→ **Activity**:
Restate the whole of the data below word for word, skipping the images.

→ **Available data**:
╭──
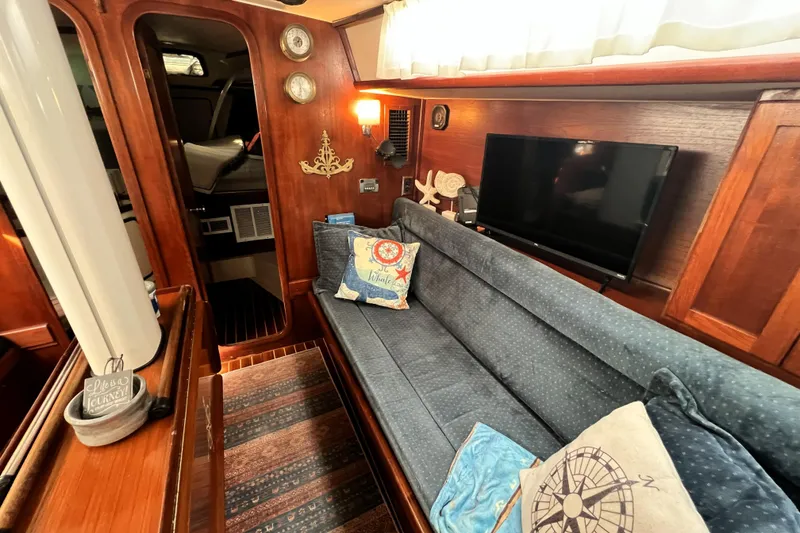 Slide: The Image of Interior of 1985 Gulfstar Hirsch Center Cockpit with nautical decor and framed artwork. - 8
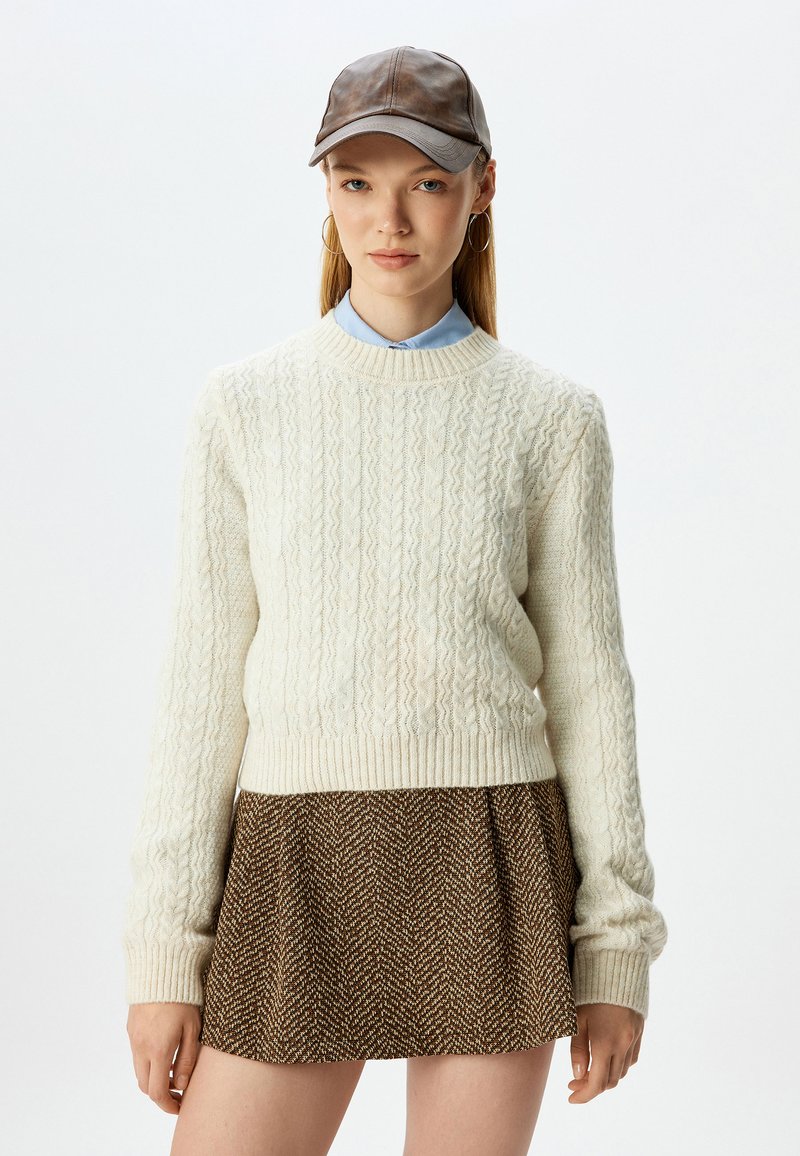Crème kabelgebreide trui met geribbelde manchetten, gecombineerd met een bruin houndstooth rok. Het model draagt een bruine leren pet en een lichtblauw overhemd met kraag.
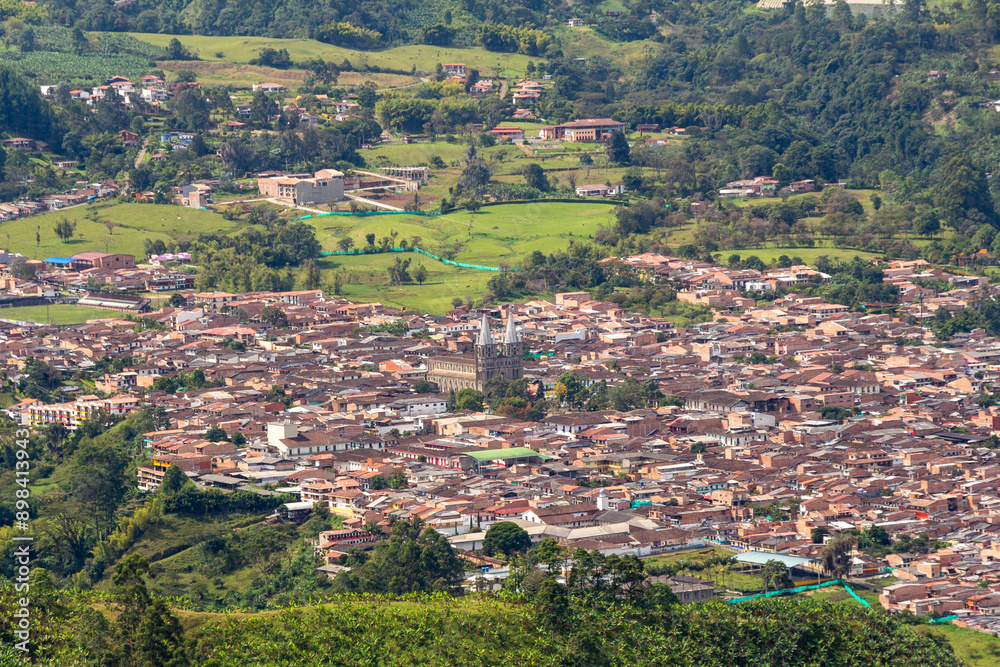 Fototapeta premium Cityscape of Jardin, Jardín, Antioquia, Colombia. Awesome landscape with the green Andes Mountains.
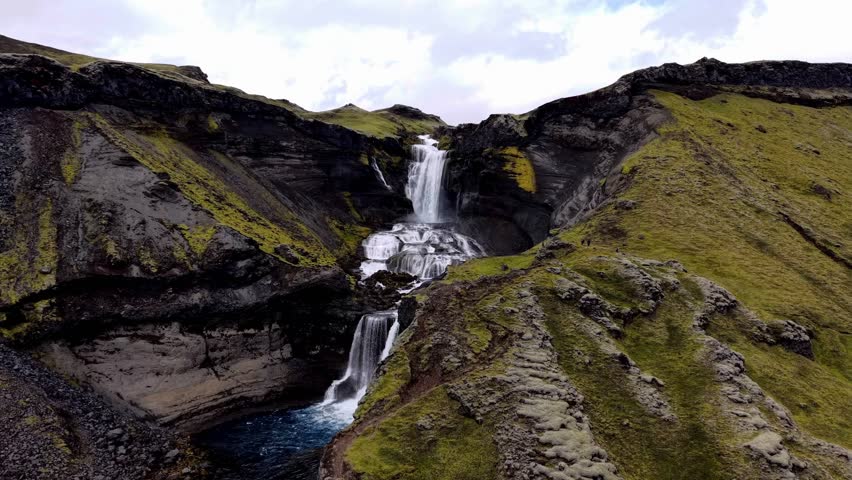 Aerial view of waterfall cascading down rocks, Iceland.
╰──
→ **Task answer**:
 Slide: The Image of Interior of 1985 Gulfstar Hirsch Center Cockpit with nautical decor and framed artwork. - 8
Crème kabelgebreide trui met geribbelde manchetten, gecombineerd met een bruin houndstooth rok. Het model draagt een bruine leren pet en een lichtblauw overhemd met kraag.
 Fototapeta premium Cityscape of Jardin, Jardín, Antioquia, Colombia. Awesome landscape with the green Andes Mountains.
 Aerial view of waterfall cascading down rocks, Iceland.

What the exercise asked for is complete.